I think considerations related the astronomical waste argument are applicable not only to saving lives in catastrophes, but also in normal time. To bring everything into the same framework in a simple way, I would run a standard cost-effectiveness analysis, but weighting saving lives by a function of the population size (e.g. 1/”population size” as I suggested above).
If one is concerned that our current civilisation’s values are contingent and counterfactually positive, it seems still less likely that a new species would share them.
On priors, I would say one should expect the values of a new similarly capable species to be as good as those of humans.
intelligence might just not re-evolve to the degree needed to develop advanced technology. There are a number of theories about why we developed it to such a degree—despite abstract reasoning having virtually no survival value to hunter gatherer or even agricultural societies—and if something like e.g. the sexual selection theory is correct, it might have been a one-off evolutionary accident, never to be repeated.
I imagine different theories make significantly different predictions about the difficulty of going from e.g. monkeys to humans, but I have the impression there is often little data to validate them, and therefore think significant weight should be given to a prior simply informed by how long a given transition took. This is why I got my estimate for the probability of not fully recovering relying on the time since the last mass extinction.

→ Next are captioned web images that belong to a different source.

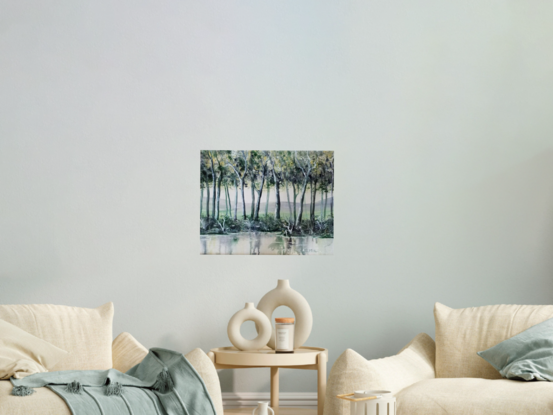 Trees & water with a green tone overall. Framed in white timber.  No glass needed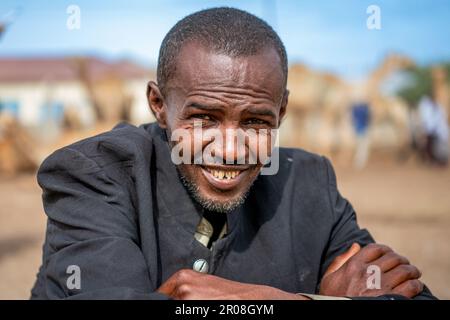 Ein alter Mann sitzt und lächelt auf einem Cemelmarkt in Hargeisa, Somaliland Stockfoto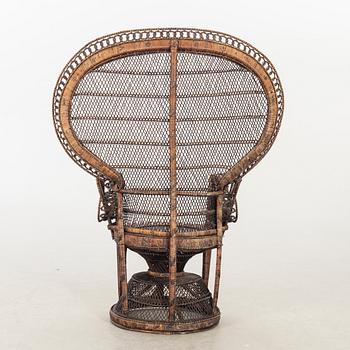 AN RATTAN EASY CHAIR.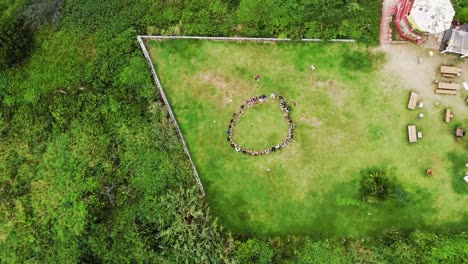 Aerial-top-down-showing-circle-of-people-doing-morning-sport-outdoors-in-garden-at-beach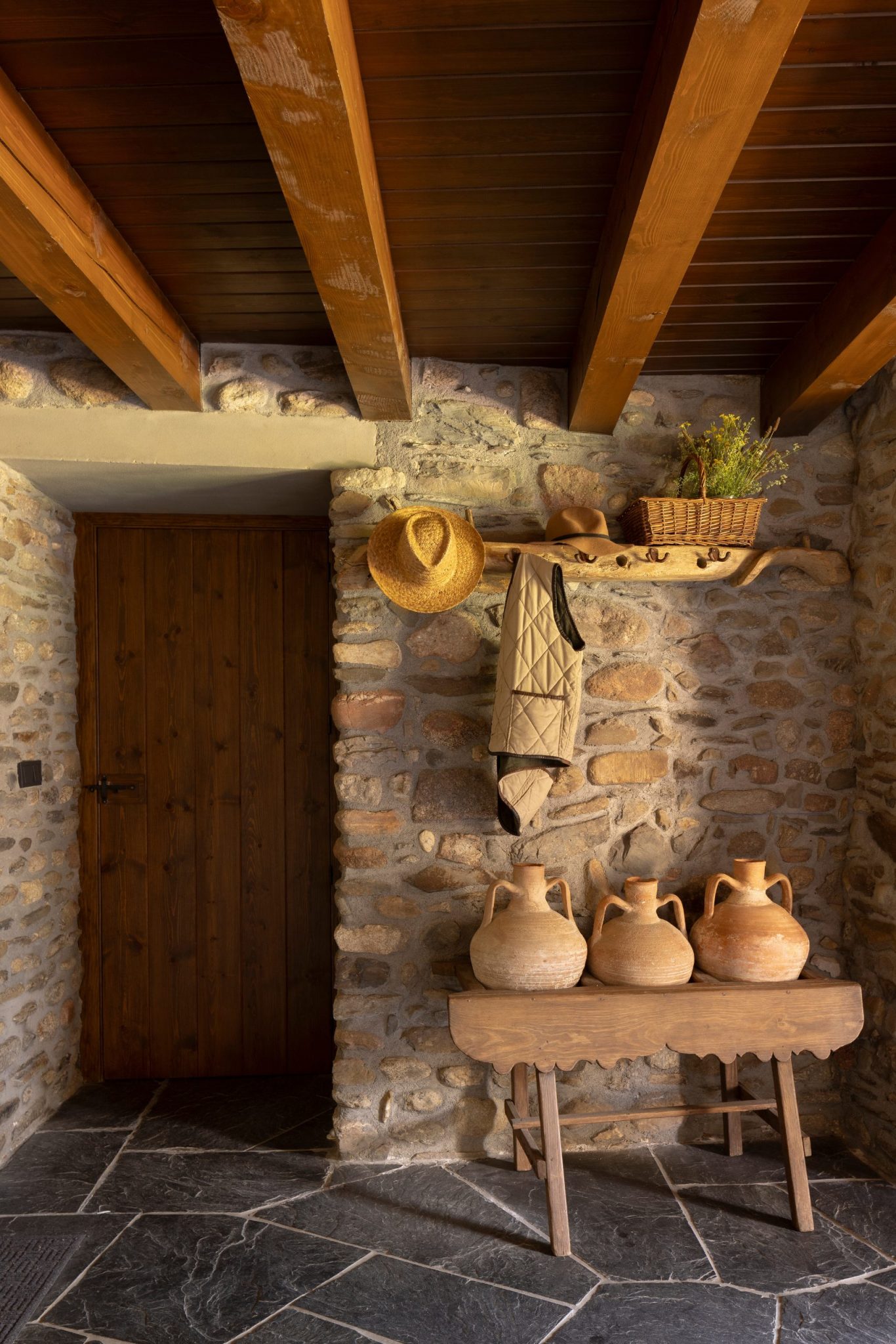 entrée avec poutres et murs de pierres anciennes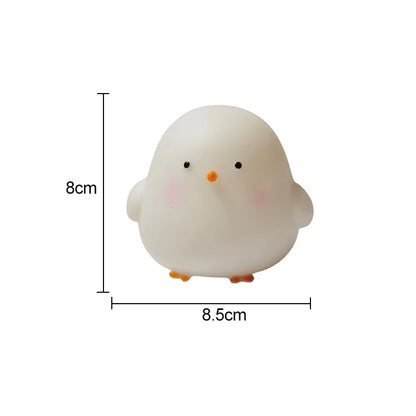 White silicone chick LED night light with measurements shown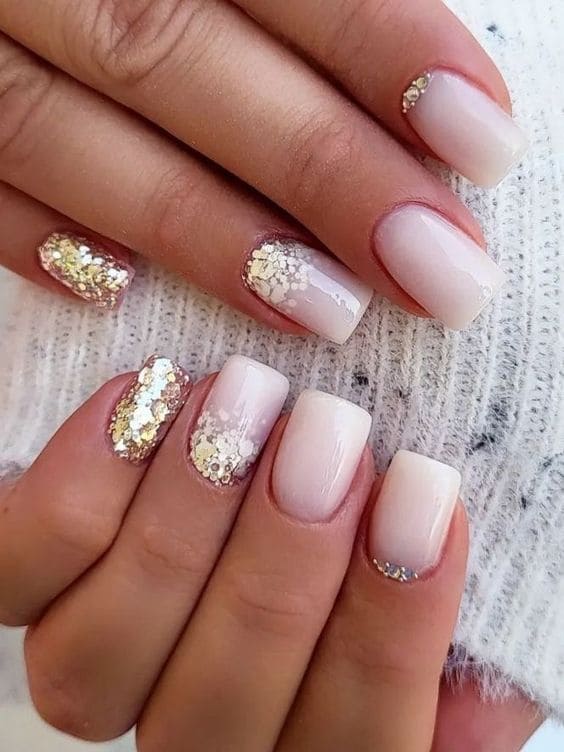 Short milky nails with glitter 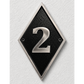 A diamond-shaped black house number plaque with a silver metallic border and the number '2' in raised silver lettering, mounted on a textured white wall.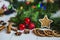 Gingerbread in the form of stars, red Christmas balls, dried lemons, cinnamon and green garland and lights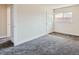 Inviting bedroom with neutral walls, plush carpeting, and a window for natural light at 8039 Wolff St # E, Westminster, CO 80031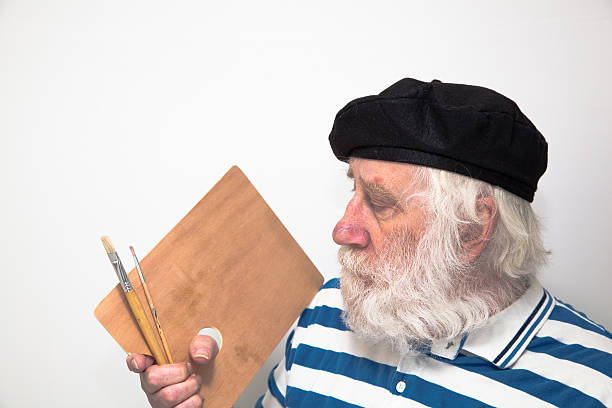 bearded artist with beret holds palette and brushes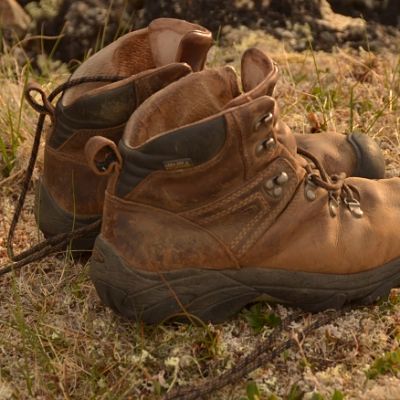 photo of a pair of hiking boots after a long trip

even after tens of millions of years, most of the resources I described above would still be gone if they depleted them. Fossil fuels accumulated throughout the period of complex life on this planet which we’re about halfway through—so we could expect at best to have approximately the same number once more, if no civilisation ever used any in the meantime. Fissile materials will never recover, and it’s hard to see how eg. a thin layer of rock phosphorus scattered across the bottom of the ocean would ever return to an economically viable state, even on geological timelines. So the new species might evolve only to find themselves trapped on the surface.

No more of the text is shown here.